Scraped caption text data
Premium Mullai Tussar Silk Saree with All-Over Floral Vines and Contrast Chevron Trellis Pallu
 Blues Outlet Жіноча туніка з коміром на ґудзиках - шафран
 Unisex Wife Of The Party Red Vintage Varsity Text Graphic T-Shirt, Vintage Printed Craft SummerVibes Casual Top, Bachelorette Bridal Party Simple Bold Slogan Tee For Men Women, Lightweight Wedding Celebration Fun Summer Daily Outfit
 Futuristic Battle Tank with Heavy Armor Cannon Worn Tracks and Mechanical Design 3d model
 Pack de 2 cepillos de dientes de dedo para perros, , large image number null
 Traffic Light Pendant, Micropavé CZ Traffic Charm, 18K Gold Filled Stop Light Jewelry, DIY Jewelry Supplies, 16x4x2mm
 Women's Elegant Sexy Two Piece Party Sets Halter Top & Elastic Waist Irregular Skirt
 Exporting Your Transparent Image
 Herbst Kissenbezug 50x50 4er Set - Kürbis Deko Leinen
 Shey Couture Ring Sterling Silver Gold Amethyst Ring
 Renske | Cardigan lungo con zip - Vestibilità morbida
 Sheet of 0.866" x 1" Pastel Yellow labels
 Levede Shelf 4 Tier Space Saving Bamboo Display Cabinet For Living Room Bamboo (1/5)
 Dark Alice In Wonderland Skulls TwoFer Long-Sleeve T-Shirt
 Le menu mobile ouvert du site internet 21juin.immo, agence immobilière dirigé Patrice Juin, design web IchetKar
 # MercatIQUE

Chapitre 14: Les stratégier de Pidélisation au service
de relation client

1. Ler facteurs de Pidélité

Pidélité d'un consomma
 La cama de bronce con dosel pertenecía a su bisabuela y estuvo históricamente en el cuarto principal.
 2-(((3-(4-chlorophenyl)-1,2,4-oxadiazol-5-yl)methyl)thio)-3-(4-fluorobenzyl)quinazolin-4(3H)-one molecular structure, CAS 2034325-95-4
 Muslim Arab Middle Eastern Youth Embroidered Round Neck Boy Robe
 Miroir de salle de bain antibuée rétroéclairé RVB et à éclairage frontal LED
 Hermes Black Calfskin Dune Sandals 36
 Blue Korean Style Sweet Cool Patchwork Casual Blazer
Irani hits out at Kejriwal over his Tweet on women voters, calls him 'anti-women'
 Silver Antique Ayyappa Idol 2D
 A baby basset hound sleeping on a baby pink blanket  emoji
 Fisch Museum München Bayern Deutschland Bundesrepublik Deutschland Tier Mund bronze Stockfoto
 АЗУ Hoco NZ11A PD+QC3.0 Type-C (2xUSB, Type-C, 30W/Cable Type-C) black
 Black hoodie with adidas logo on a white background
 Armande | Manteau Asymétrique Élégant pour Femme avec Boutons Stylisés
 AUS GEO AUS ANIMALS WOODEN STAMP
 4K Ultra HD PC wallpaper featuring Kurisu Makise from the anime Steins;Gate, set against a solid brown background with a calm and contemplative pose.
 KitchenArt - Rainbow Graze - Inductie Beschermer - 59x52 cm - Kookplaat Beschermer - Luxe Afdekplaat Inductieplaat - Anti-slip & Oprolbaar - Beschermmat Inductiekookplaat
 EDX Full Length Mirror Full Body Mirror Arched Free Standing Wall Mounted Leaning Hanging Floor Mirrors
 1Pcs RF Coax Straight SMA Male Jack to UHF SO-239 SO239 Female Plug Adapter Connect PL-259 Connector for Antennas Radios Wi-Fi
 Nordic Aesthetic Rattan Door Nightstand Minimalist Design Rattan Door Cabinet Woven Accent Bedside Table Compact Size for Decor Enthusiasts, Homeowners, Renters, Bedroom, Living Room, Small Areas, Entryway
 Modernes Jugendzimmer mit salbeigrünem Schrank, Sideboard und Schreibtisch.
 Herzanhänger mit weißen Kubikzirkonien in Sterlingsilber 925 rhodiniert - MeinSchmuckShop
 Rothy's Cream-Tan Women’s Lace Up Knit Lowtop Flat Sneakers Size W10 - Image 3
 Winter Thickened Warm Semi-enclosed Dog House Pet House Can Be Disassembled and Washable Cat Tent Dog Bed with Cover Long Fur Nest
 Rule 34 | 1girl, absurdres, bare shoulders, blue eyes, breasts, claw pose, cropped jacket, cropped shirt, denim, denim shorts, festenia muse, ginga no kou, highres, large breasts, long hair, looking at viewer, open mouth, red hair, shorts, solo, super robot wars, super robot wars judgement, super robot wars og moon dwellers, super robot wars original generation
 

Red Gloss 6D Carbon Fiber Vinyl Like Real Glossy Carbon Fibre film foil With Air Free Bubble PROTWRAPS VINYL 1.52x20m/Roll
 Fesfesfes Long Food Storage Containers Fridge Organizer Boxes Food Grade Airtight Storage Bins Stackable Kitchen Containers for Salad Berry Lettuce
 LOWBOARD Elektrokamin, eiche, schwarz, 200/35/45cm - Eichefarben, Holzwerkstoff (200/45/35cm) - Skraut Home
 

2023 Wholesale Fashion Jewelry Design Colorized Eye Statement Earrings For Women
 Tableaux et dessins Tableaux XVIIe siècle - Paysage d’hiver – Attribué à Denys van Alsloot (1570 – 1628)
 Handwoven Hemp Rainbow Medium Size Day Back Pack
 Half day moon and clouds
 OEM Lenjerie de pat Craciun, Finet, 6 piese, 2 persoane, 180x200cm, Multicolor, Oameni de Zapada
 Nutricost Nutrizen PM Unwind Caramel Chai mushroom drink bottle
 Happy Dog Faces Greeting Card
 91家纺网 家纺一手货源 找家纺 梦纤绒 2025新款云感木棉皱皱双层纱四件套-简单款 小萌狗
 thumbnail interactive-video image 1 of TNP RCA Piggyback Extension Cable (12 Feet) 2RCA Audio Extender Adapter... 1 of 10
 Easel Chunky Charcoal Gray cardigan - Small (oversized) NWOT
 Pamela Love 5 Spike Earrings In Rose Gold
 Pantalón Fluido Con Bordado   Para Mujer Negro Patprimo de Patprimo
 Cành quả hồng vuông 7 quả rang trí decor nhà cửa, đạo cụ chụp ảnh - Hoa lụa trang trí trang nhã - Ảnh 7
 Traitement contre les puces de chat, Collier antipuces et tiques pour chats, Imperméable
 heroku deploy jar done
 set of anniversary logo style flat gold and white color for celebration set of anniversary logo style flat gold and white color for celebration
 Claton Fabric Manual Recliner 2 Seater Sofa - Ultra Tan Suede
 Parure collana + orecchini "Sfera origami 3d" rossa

:: Action item ::
Copy the records above exactly, beginning at the line that contains "Nutricost Nutrizen PM" and stopping after the line that contains "Pamela Love 5 Spike Earrings In Rose Gold".

:: Result ::
 Nutricost Nutrizen PM Unwind Caramel Chai mushroom drink bottle
 Happy Dog Faces Greeting Card
 91家纺网 家纺一手货源 找家纺 梦纤绒 2025新款云感木棉皱皱双层纱四件套-简单款 小萌狗
 thumbnail interactive-video image 1 of TNP RCA Piggyback Extension Cable (12 Feet) 2RCA Audio Extender Adapter... 1 of 10
 Easel Chunky Charcoal Gray cardigan - Small (oversized) NWOT
 Pamela Love 5 Spike Earrings In Rose Gold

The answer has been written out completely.